- DATA TO USE -
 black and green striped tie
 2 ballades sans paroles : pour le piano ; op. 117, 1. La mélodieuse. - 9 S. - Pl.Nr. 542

--

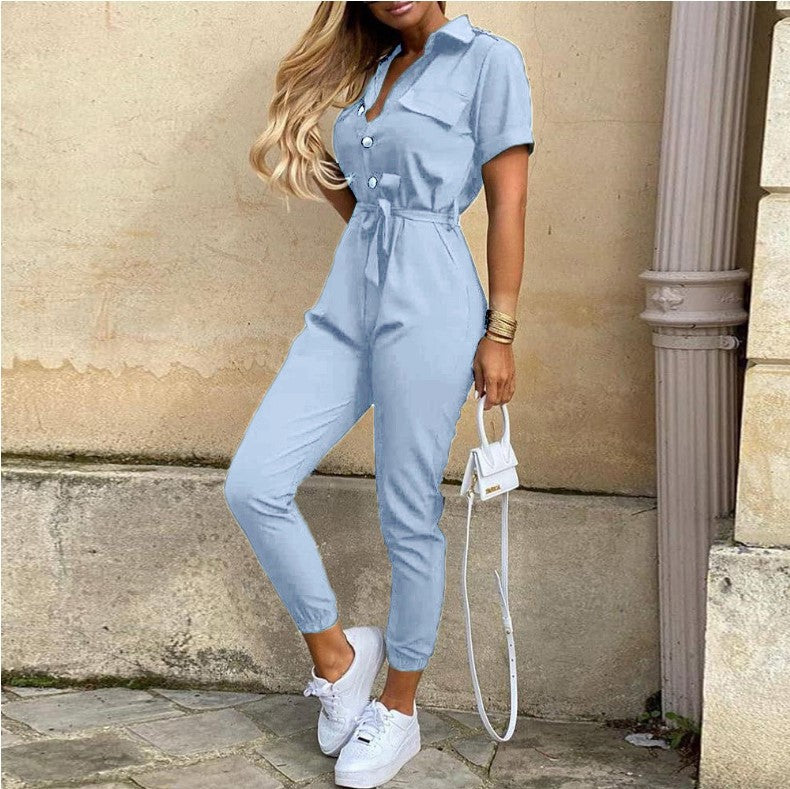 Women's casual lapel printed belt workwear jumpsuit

- WHAT THE EXERCISE ASKS -
Once you find the line with "black and green striped tie" above, print it and every line after it up to and including the line with "2 ballades sans", exactly as written and nothing else.

- SOLUTION FOR THIS PROBLEM -
 black and green striped tie
 2 ballades sans paroles : pour le piano ; op. 117, 1. La mélodieuse. - 9 S. - Pl.Nr. 542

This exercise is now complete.